[Opening Input material section]
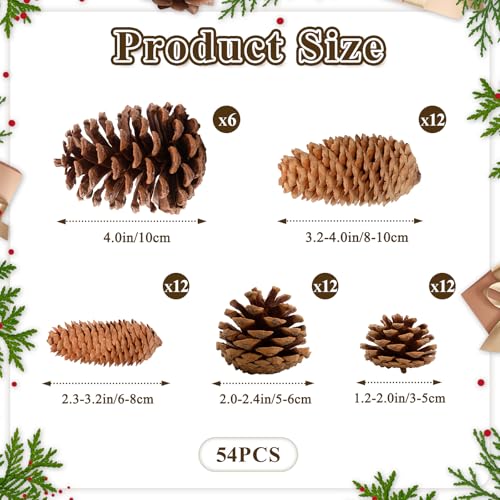 54 PCS Natural Pine Cones for Crafts Set Medium & Extra Large 1.2"-4"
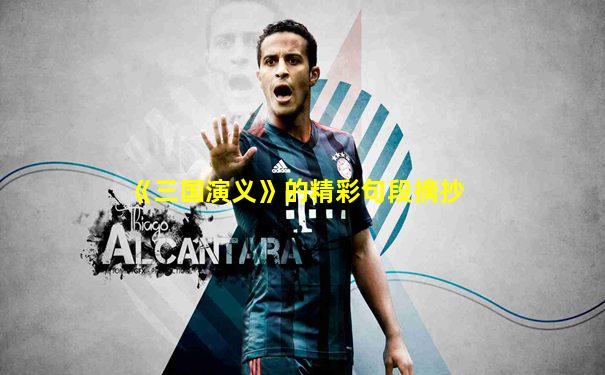 《三国演义》的精彩句段摘抄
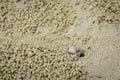 Small ghost crab making sand ball Royalty Free Stock Photo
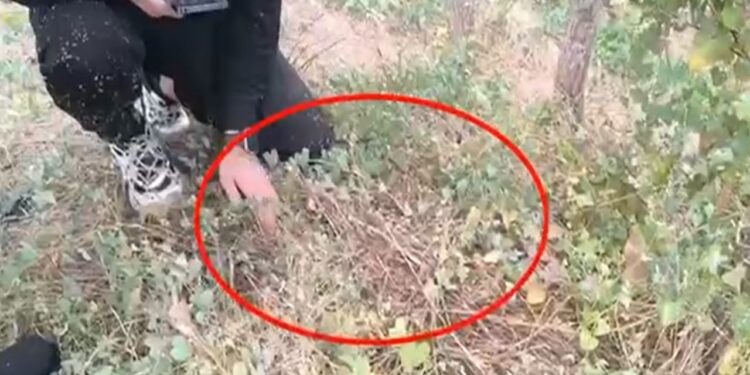 Doi tineri prinși cu „sare” și MDMA în Găgăuzia: 55 de capsule, ascunzișuri și livrări clandestine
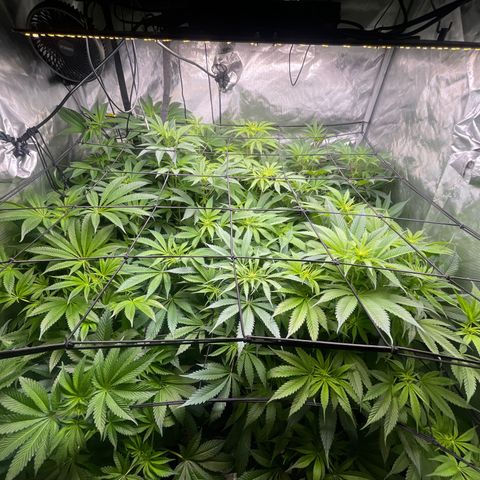 Grow Pictures #2 growlog timeline photo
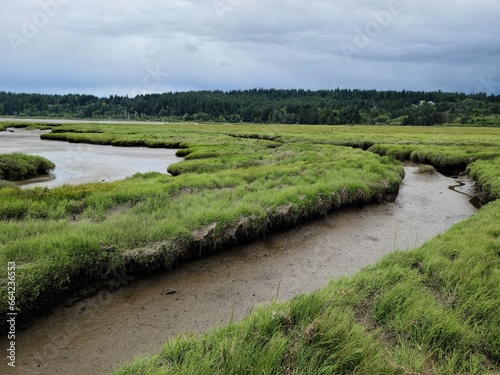 Stream flow into bigger river near a wetland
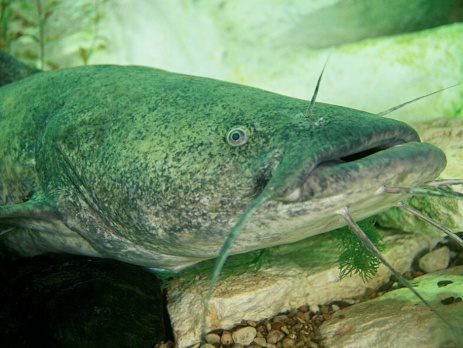a closeup photo of the flathead catfish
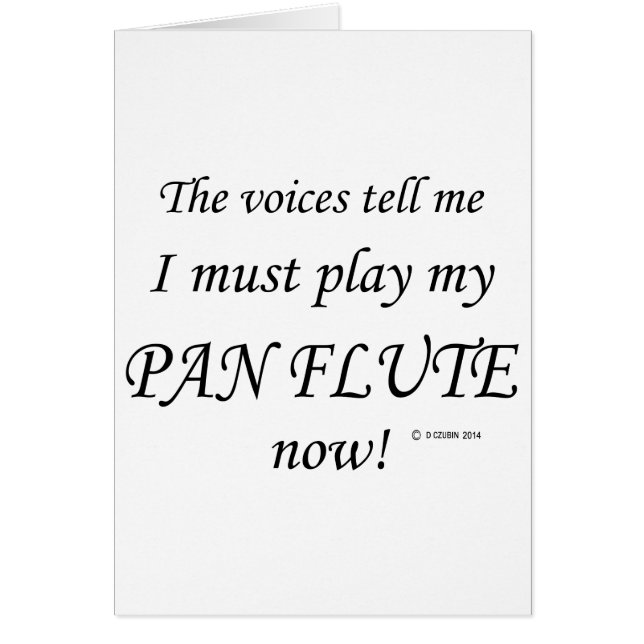 Pan Flute Voices Say Must 遊 (正面)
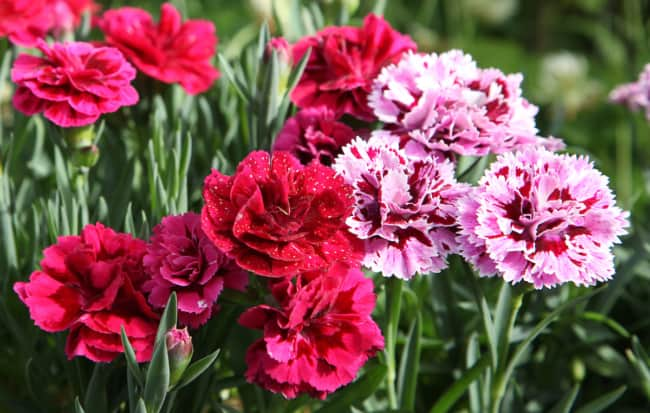 flores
[Closing Input material section]
_Goal of the exercise_: Reproduce every line of the material precisely, omitting its pictures.

_Solution for this problem_:
 54 PCS Natural Pine Cones for Crafts Set Medium & Extra Large 1.2"-4"
 《三国演义》的精彩句段摘抄
 Small ghost crab making sand ball Royalty Free Stock Photo
 Doi tineri prinși cu „sare” și MDMA în Găgăuzia: 55 de capsule, ascunzișuri și livrări clandestine
 Grow Pictures #2 growlog timeline photo
 Stream flow into bigger river near a wetland
a closeup photo of the flathead catfish
 Pan Flute Voices Say Must 遊 (正面)
 flores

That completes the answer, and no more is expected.